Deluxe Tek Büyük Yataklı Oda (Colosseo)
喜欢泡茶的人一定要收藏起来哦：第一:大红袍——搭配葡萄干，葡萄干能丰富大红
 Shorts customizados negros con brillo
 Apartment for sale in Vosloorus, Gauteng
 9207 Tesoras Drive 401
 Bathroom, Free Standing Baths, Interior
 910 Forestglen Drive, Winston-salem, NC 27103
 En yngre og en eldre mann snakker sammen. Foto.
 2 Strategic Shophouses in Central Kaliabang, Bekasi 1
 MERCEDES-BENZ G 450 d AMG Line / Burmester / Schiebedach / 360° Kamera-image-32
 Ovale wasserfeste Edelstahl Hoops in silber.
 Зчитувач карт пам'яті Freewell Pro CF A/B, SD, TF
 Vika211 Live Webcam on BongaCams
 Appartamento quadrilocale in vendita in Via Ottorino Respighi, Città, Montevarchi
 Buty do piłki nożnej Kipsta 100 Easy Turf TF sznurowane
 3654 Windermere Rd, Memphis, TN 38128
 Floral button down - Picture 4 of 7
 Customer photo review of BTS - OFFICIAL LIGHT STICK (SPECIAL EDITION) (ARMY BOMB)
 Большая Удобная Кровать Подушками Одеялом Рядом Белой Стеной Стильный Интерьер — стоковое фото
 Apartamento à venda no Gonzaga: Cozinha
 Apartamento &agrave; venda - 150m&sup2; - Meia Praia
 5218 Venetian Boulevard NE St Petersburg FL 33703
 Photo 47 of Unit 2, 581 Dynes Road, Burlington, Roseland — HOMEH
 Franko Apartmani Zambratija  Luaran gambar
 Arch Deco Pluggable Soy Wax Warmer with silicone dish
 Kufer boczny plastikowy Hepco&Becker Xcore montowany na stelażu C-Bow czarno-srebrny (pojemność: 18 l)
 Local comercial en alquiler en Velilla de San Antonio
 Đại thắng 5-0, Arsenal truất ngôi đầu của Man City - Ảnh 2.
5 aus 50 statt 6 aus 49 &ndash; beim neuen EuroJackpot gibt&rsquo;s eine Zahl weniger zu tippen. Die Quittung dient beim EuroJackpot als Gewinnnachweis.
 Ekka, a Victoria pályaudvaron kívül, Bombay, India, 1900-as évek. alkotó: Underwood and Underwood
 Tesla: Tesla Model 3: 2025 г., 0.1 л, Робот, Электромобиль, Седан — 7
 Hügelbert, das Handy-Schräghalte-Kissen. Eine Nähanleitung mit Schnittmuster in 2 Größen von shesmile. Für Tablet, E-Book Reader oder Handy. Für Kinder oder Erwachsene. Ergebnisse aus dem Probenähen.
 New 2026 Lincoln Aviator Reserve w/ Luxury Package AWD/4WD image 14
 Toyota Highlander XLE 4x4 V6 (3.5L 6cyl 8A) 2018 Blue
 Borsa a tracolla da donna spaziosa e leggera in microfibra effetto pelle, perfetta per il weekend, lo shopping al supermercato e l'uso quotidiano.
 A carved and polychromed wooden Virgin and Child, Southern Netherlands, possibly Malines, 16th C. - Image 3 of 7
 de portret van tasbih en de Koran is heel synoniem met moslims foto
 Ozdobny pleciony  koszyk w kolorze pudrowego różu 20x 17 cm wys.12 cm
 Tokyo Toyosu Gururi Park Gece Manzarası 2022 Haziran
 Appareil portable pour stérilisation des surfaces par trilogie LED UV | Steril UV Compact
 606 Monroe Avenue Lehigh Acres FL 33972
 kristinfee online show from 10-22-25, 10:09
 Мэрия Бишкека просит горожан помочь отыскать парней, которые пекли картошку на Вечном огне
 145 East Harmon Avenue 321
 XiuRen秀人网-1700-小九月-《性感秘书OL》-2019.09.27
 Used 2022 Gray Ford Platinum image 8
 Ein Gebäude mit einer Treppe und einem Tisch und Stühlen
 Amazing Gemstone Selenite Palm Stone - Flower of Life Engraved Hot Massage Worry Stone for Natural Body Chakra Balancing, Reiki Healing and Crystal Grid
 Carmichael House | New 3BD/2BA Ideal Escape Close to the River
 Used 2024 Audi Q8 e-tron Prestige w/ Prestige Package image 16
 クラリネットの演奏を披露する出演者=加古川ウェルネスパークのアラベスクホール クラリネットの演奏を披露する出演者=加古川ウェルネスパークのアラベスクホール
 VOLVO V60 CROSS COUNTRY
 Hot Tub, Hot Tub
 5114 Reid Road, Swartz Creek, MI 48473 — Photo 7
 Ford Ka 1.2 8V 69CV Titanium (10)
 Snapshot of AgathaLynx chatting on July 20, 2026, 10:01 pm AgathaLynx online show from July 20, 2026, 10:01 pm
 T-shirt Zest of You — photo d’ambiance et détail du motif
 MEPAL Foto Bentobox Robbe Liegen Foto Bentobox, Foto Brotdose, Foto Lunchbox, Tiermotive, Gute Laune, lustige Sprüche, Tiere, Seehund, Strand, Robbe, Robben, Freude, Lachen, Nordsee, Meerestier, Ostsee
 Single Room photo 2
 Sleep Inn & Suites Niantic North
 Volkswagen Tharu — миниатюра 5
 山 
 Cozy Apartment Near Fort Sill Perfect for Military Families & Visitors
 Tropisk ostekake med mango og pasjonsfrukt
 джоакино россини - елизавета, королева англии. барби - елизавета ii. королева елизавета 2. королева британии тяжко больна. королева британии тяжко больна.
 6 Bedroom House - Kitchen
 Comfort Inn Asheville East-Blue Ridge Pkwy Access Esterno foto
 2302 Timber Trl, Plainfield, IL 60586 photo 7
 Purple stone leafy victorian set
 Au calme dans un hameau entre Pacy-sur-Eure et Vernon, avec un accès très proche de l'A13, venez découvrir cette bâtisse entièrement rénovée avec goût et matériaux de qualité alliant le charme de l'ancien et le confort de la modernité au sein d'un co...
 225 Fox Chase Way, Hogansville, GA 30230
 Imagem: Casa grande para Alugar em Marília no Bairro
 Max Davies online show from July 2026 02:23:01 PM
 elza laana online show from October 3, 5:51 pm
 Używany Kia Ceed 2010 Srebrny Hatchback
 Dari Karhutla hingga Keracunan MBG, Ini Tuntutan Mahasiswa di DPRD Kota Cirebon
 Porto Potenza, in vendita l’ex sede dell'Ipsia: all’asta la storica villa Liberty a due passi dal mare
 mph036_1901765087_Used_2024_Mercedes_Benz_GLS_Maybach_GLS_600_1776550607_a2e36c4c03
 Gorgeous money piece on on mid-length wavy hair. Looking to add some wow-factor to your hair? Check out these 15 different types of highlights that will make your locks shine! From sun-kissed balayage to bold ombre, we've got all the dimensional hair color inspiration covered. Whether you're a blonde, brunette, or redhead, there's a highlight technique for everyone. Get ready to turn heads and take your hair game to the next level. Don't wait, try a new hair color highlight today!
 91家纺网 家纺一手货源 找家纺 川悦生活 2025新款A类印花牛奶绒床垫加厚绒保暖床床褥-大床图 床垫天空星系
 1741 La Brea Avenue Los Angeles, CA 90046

== TASK STATEMENT ==
Beginning with the line holding "Ovale wasserfeste Edelstahl Hoops in silber." and ending with the line holding "Buty do piłki", write out the stretch of material above exactly; add no further lines.

== RESPONSE BELOW ==
 Ovale wasserfeste Edelstahl Hoops in silber.
 Зчитувач карт пам'яті Freewell Pro CF A/B, SD, TF
 Vika211 Live Webcam on BongaCams
 Appartamento quadrilocale in vendita in Via Ottorino Respighi, Città, Montevarchi
 Buty do piłki nożnej Kipsta 100 Easy Turf TF sznurowane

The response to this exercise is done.